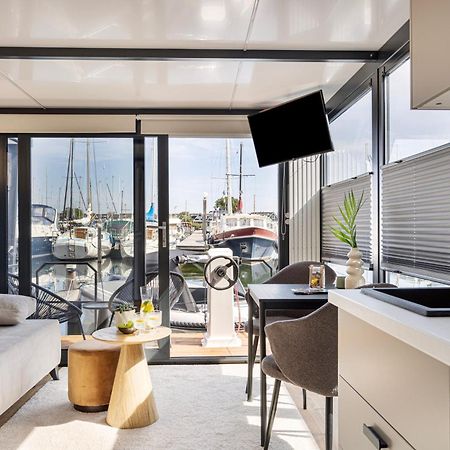 Cosy Tiny Houseboats Near Beach And Restaurants By Weltevreden Experience Zeewolde Esterno foto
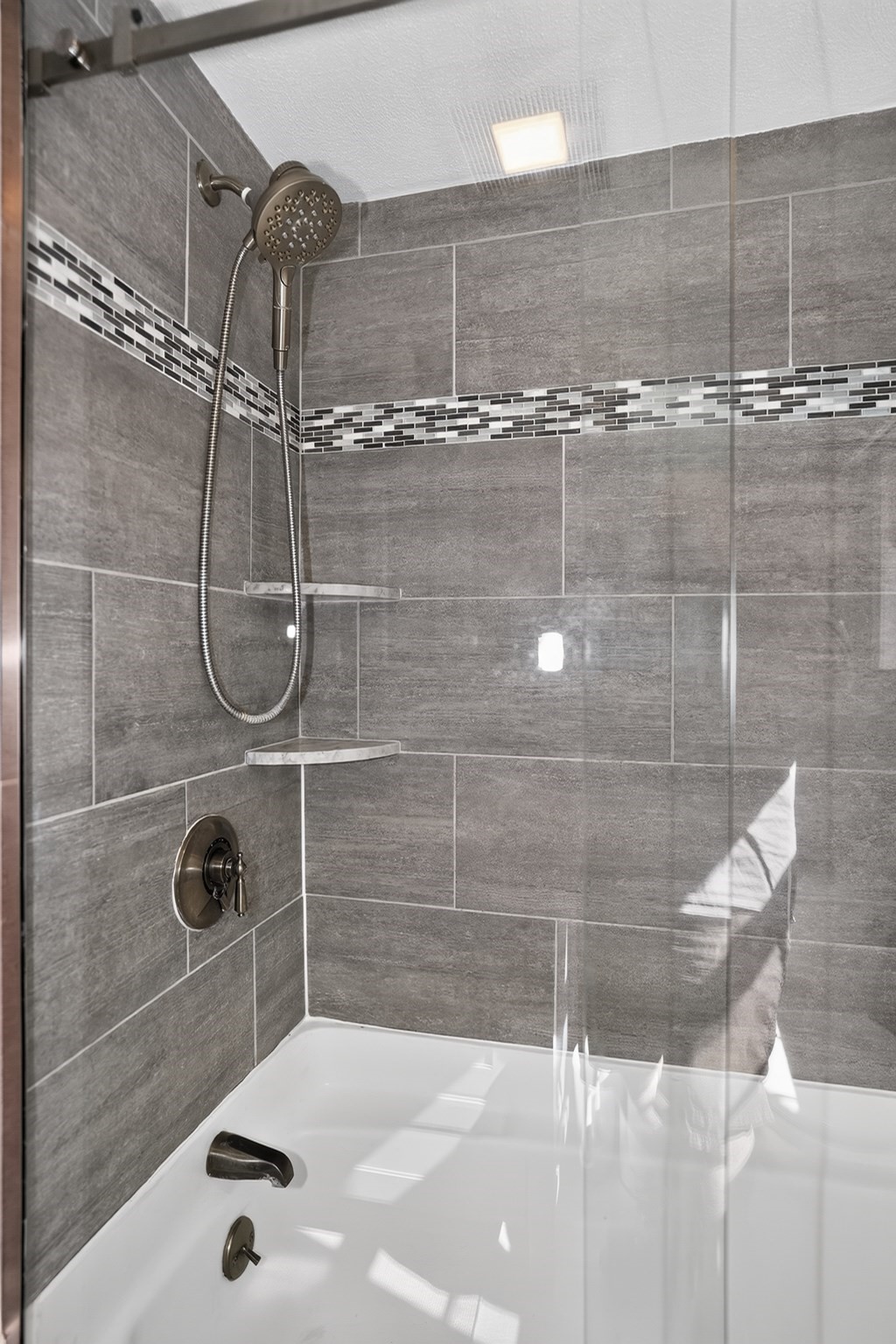 677 Boston Road Property Photo 15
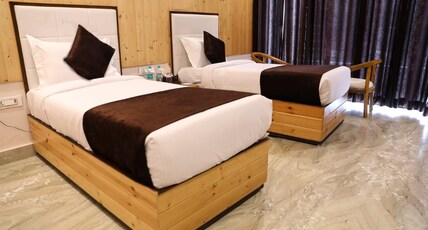 corbett paradise Room Type - Deluxe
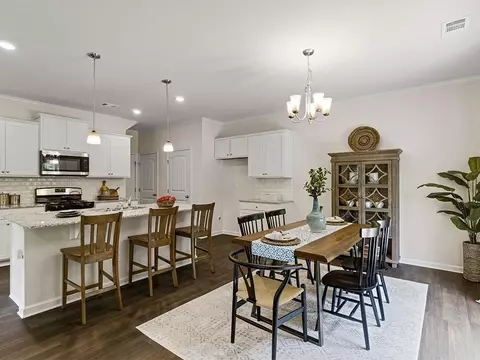 8251 Castleton Dr, Fairburn, GA 30213 photo 5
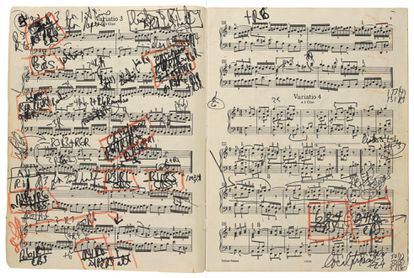Detalle de una de las páginas de la partitura anotada por Glenn Gould para el montaje de su grabación de las ‘Variaciones Goldberg’, de 1981, que se incluye en la nueva edición de la grabación. 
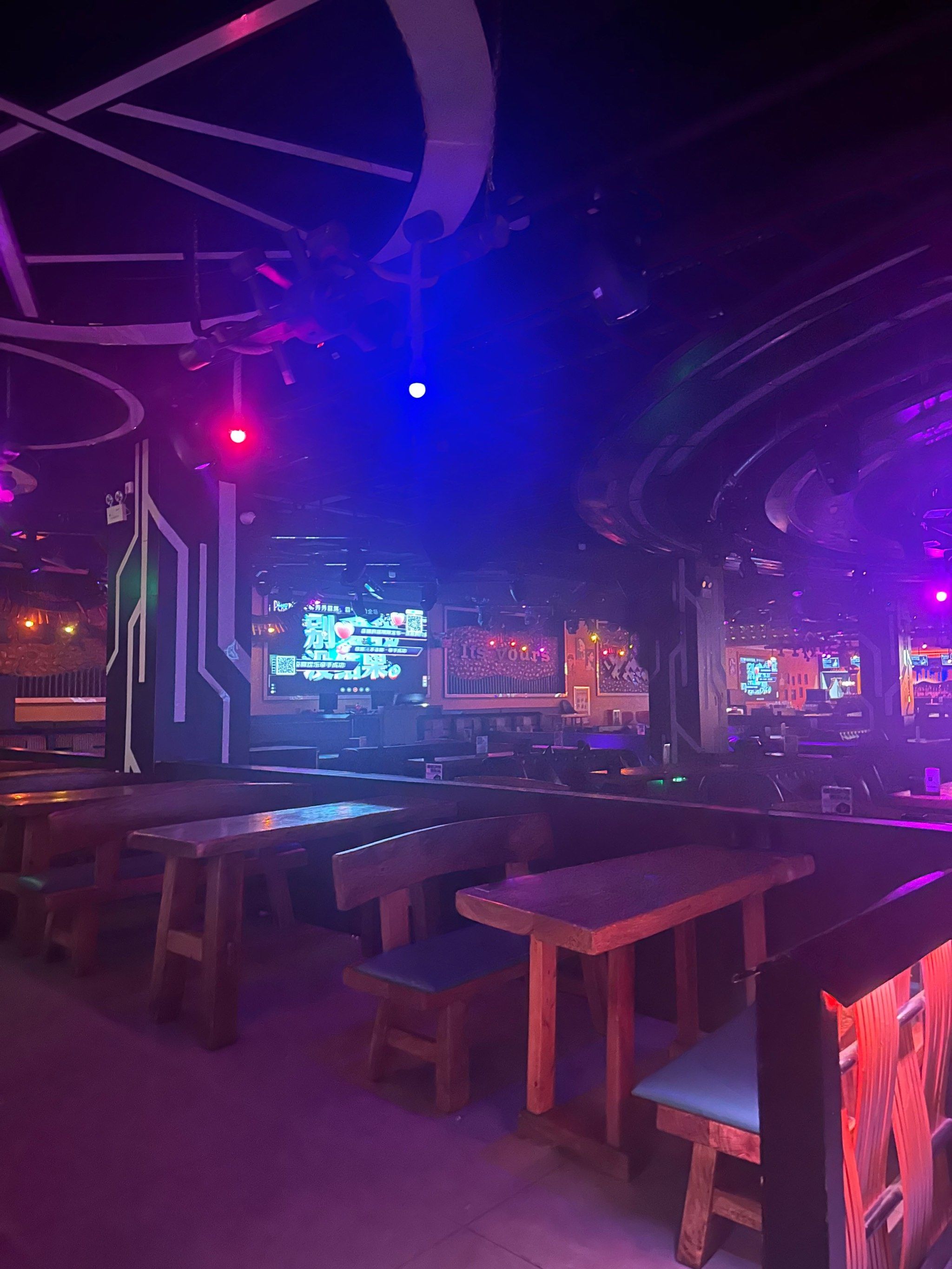 娄底商务ktv多少钱一个小时推荐-双峰县ktv预定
□ □ □
- Action item -
Write the data above out exactly. Leave out any pictures.

- Written solution -
 Cosy Tiny Houseboats Near Beach And Restaurants By Weltevreden Experience Zeewolde Esterno foto
 677 Boston Road Property Photo 15
 corbett paradise Room Type - Deluxe
 8251 Castleton Dr, Fairburn, GA 30213 photo 5
Detalle de una de las páginas de la partitura anotada por Glenn Gould para el montaje de su grabación de las ‘Variaciones Goldberg’, de 1981, que se incluye en la nueva edición de la grabación. 
 娄底商务ktv多少钱一个小时推荐-双峰县ktv预定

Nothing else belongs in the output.